“env_config” in Tune

  • High: It blocks me to complete my task.

Hi all,
Sorry if my question is basic.

My environment has arguments for initialization,
like Myenv (arg1,arg2) .

How can I define “env_config” in Tune so that my model trains with different arg1 and arg2?

Thanks

Does this work for you?
https://docs.ray.io/en/latest/rllib/rllib-env.html#configuring-environments

thanks for the reply,
no, unfortunately. For examples in the link, environment’s arguments are fixed during the training. But I need to train my model with a different range of arguments.

Can you share the ctor of your environment? What are the things you wanna configure?

cc @kourosh

Thanks @xwjiang2010

This is my environment constructor:

class Energy_Trading(MultiAgentEnv):
    def __init__(self,config):
        self.tx_count=0
        self.buy_book = []
        self.sell_book = []
        self.fill_book= []
        self.transactions=[]
#         self.timesteps=0  #*******************
        self.dones = set() #*******************
        #self.buyer_demand={}
        #self.Capacity={}
        self.dissatisfaction=2
        self.total_timestep=50
        agents=[]
        p=config
        power= np.array(p)
        #power = power.astype('float32')
        self.l=power.size
        self.lp=(power>0).sum()
        self.ln=self.l-self.lp
        
        for i in range(0,self.l):
                agents.append(f"agent{i}")
                
        self.agents=agents
        
        self.dict_agents=dict(zip(self.agents,power))
        
        self.state=copy.deepcopy(self.dict_agents)
        
        
        obs=gym.spaces.Box(low=-1, high=1, shape=(1,))
       
        act=gym.spaces.Box(low=0, high=1, shape=(1,))
        
        
        
        self.observation_space = gym.spaces.Dict({key: obs for key in agents})
        
        self.action_space= gym.spaces.Dict({key: act for key in agents})
        
        self._agent_ids = set(self.agents)
        
        self._spaces_in_preferred_format = True
        super().__init__()

In each episode, my environment should get a new config.

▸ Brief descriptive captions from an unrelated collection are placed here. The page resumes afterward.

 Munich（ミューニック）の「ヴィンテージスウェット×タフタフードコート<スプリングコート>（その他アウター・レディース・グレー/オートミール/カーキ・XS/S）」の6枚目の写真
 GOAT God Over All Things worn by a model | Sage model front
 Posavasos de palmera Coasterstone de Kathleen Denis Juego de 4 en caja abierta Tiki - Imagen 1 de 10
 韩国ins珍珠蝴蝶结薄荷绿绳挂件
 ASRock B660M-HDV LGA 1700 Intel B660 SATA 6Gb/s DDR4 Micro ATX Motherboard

In fact, this config variable initializes part of my environment for each episode.

I train my model using these lines of codes:

tune.register_env("MyEnv", lambda config: Energy_Trading(p))


ray.init(local_mode=True)
tune.run(
    "PPO",
    stop={"episode_reward_mean": 200},
    config={
        "disable_env_checking": True,
        "env": "MyEnv",
        "env_config": {
            "config": p,
        },
        "num_gpus": 0,
        "num_workers": 1,
        "multiagent": {
            "policies": policies,
            "policy_mapping_fn": policy_mapping_fn,
            
        },
        "framework": "tf"
    },
    
)

I’m able to define the environment config once (by passing p to env_config).
But I want my model to be trained with different configs, meaning my code should pass different p to env_config.

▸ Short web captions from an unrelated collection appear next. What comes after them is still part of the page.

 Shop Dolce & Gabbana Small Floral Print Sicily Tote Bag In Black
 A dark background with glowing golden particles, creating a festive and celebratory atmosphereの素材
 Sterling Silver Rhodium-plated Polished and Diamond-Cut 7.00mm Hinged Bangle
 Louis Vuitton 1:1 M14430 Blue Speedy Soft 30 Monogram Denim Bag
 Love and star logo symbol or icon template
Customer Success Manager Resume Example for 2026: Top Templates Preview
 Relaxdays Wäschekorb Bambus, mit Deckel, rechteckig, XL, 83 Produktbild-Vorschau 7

Also, if I don’t use tune and use for loop instead. I have like this:

trainer = PPOTrainer(
config={
        #"observation_filter": "NoFilter",
        "disable_env_checking": True,
        "env": "MyEnv",
        "env_config": {
            "config": p,
        },
        "num_gpus": 0,
        "num_workers": 1,
        "multiagent": {
            "policies": policies,
            "policy_mapping_fn": policy_mapping_fn,
         
        },
        "framework": "tf"
    }
)

    for i in range(100):
		print("STARTING A NEW EPISODE:")
        result = trainer. Train()

So each episode uses the same config while I need my model trained with different configs in each episode.

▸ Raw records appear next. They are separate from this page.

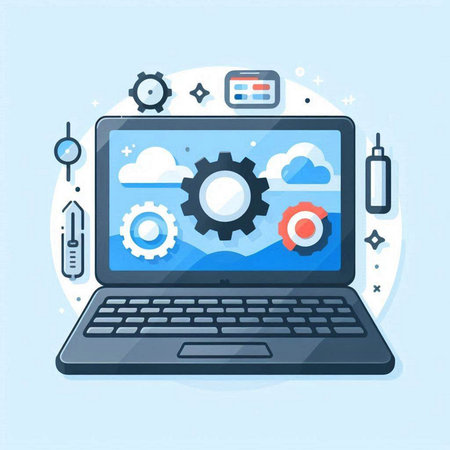Flat design vector illustration concept of cloud computing. Laptop with gear wheel on screen.のイラスト素材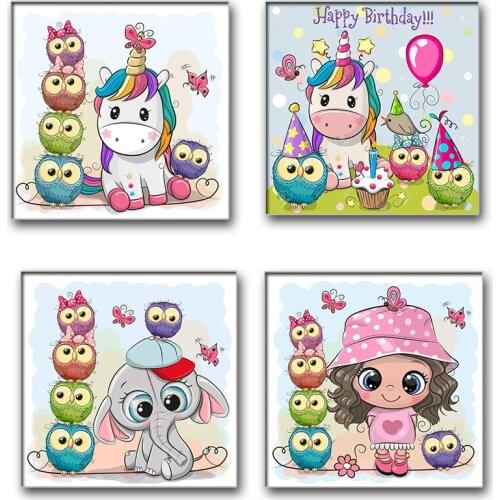 5d diamond painting cartoon unicorn owl bear elephant picture new diamond mosaic embroidery children birthday gift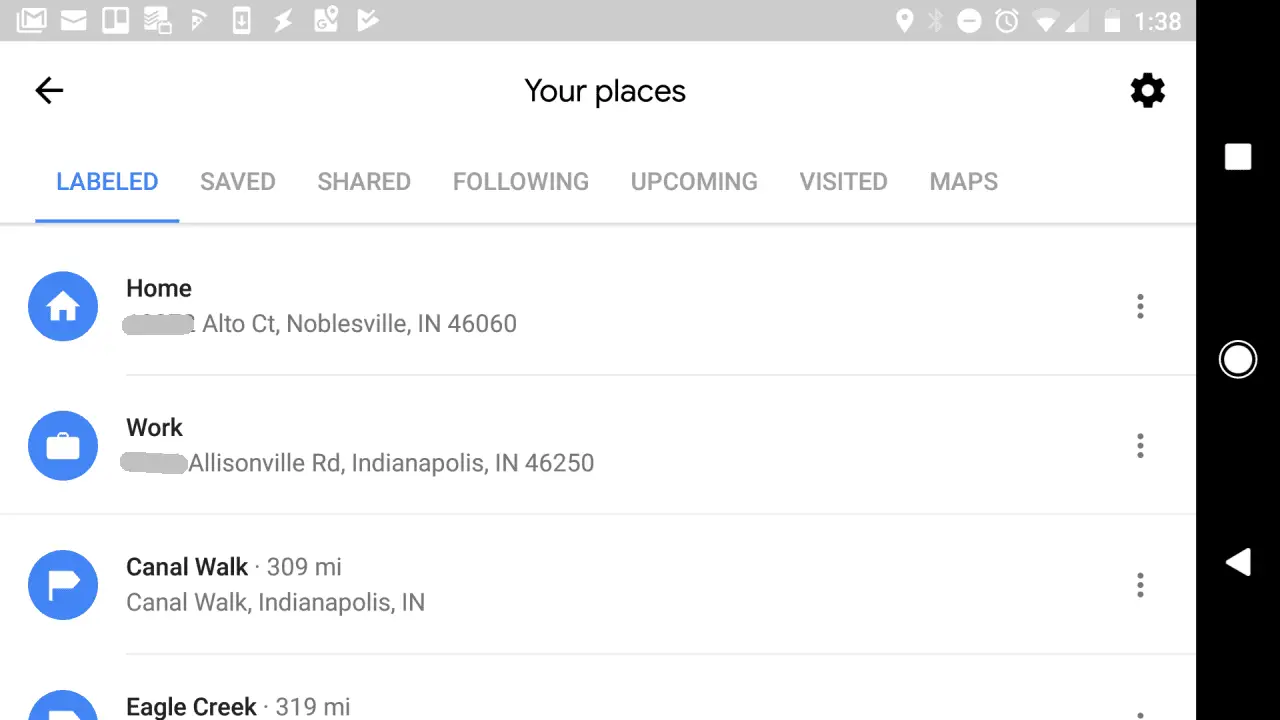Captura de tela dos locais do Google Maps.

I hope I was clear enough.

Hi @Mehdi it should be something like

config = {
    ....
    "env": Energy_Trading
    "env_config": {
            'arg1': arg1_value,
     }
}

This will be equivalent to constructing with Energy_Trading({'arg1': arg1_value})

Thanks @kourosh
That’s true,
in my problem arg1_value should change for each episode, but in this way, we just pass arg1_value to the environment once.

If that’s the case you should be using RLlib callbacks to modify a parameter within each episode. Trainer.train() also does not have an episode granularity.

2 Likes